In the early days of email government employees were told that they needed separate addresses for public and private messages. But that quickly became silly because there often exists no distinction between private and public – they can easily co-exist in the same person. But the problem has not gone away. In the SMS Privacy Case last year the Court of Appeals ruled that Employees’ text messages are private, even when transmitted on devices their companies pay for. But the case is now heading to the Supreme Court.

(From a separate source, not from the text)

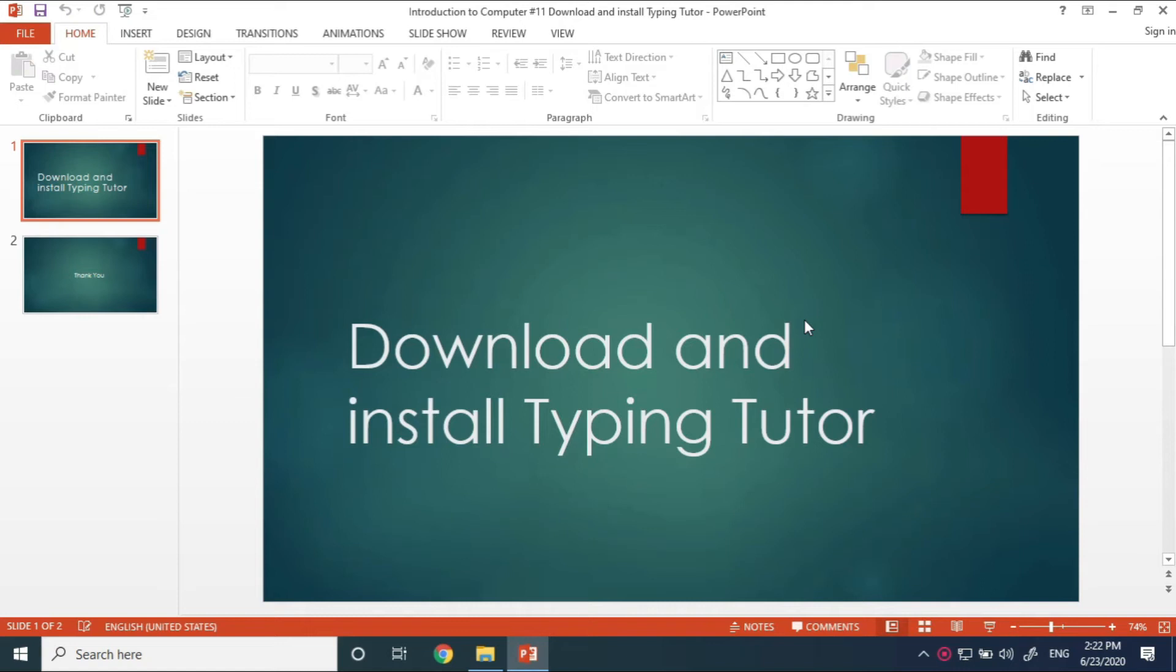Hello everyone, welcome to the video. I will show you how to download and install the typing tutor.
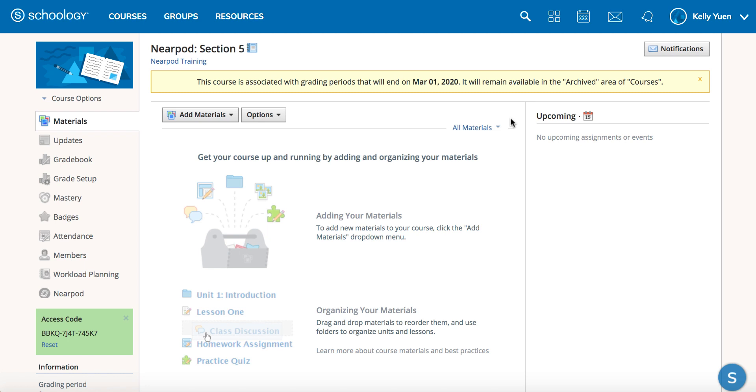This quick video tutorial will demonstrate how to use Nearpod within Schoology for Nearpod school and district users.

The background was a police officer had been sending personal private and occasionally sexually explicit text messages. In the court of appeals:
Judge Kim McLean said he “had a reasonable expectation of privacy in the text messages,” which were sent over a department-issued Arch Wireless pager. However, Judge McLean added that the “extent to which the Fourth Amendment provides protection for the contents of electronic communications in the Internet age is an open question.”The city, however, supported its stance against Officer Quon. In a filing, the city’s attorneys said: “To warrant Fourth Amendment protection, a government employee’s expectation of privacy must be one that society is prepared to consider reasonable under the operational realities of the workplace.” They maintain the city should not have to pay for the officer’s messages, which was used for “personal and highly private communications.”
The same problem appeared in Florida where a ruling from the Judicial Ethics Advisory Committee of the Florida Supreme Court decided that it was ethically wrong for judges to add lawyers who may appear before them as “friends” on social networks. Apparently old friends may still exist and eating lunch with the judge is not controversial. Strange logic.